# GIVEN RECORDS:
══════════════════════════════

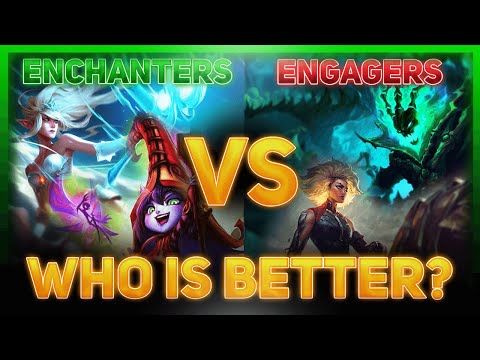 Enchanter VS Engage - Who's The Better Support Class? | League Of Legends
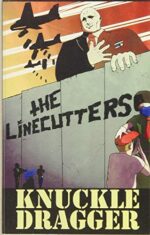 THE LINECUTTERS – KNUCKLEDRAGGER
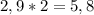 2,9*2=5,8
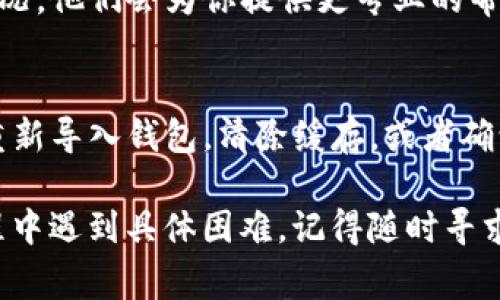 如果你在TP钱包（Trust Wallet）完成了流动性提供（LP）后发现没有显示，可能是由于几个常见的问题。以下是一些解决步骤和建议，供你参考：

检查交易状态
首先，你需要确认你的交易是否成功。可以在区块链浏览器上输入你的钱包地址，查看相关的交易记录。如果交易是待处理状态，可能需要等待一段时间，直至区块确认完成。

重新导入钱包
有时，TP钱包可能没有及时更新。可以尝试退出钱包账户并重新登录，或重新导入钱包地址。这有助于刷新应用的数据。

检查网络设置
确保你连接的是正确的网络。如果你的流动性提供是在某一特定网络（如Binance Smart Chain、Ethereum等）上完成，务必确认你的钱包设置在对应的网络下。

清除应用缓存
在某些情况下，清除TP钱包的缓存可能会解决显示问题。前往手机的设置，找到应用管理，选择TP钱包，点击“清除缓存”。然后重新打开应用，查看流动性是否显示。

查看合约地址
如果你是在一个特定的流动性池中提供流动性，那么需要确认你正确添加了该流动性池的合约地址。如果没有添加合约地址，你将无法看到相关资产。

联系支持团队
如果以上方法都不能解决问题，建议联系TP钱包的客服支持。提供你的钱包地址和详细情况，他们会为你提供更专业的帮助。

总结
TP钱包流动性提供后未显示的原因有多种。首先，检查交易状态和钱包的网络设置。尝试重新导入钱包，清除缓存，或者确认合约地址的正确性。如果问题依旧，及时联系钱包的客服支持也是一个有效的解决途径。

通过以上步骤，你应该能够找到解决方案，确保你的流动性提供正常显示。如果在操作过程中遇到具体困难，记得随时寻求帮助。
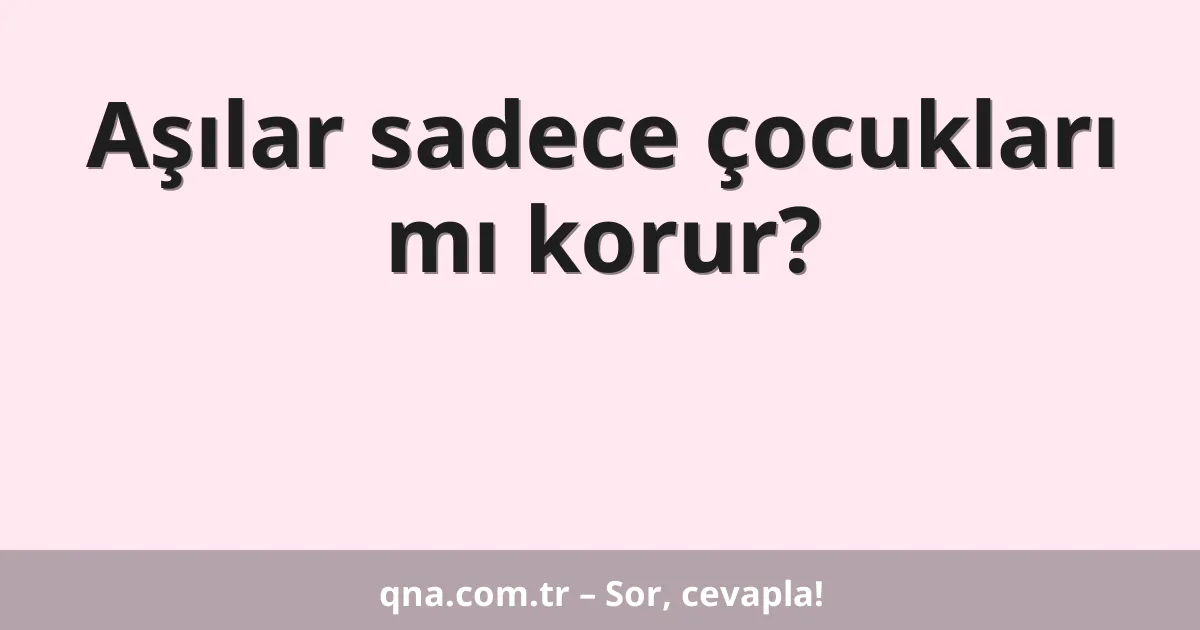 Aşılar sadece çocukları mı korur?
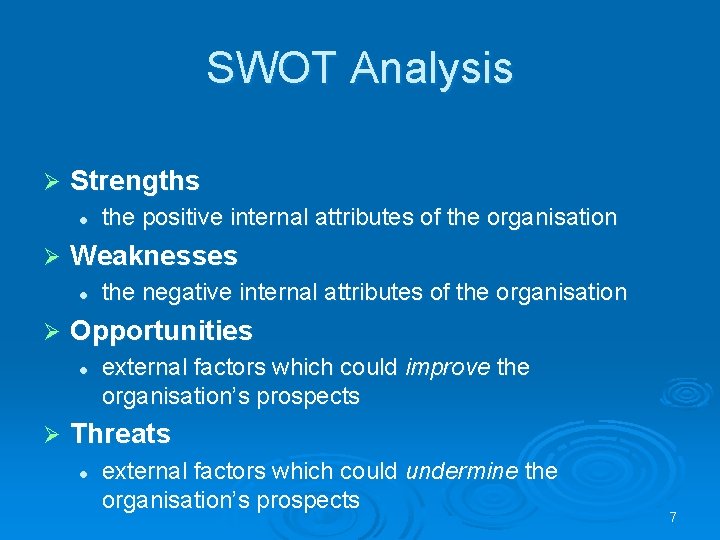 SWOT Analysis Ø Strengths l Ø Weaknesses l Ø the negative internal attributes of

══════════════════════════════

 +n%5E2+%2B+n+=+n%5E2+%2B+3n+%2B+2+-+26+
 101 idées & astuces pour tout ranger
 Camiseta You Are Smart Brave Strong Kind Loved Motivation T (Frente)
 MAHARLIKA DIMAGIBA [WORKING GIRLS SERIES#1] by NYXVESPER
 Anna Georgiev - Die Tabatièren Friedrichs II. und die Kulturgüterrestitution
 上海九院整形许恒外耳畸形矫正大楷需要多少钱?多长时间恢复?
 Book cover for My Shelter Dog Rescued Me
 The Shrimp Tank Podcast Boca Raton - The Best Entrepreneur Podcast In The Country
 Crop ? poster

══════════════════════════════

# PROBLEM:
Using only the listing above, restate exactly the lines from the line containing "Camiseta You Are" through the line containing "Crop ? poster", both included.

# ANSWER AREA:
 Camiseta You Are Smart Brave Strong Kind Loved Motivation T (Frente)
 MAHARLIKA DIMAGIBA [WORKING GIRLS SERIES#1] by NYXVESPER
 Anna Georgiev - Die Tabatièren Friedrichs II. und die Kulturgüterrestitution
 上海九院整形许恒外耳畸形矫正大楷需要多少钱?多长时间恢复?
 Book cover for My Shelter Dog Rescued Me
 The Shrimp Tank Podcast Boca Raton - The Best Entrepreneur Podcast In The Country
 Crop ? poster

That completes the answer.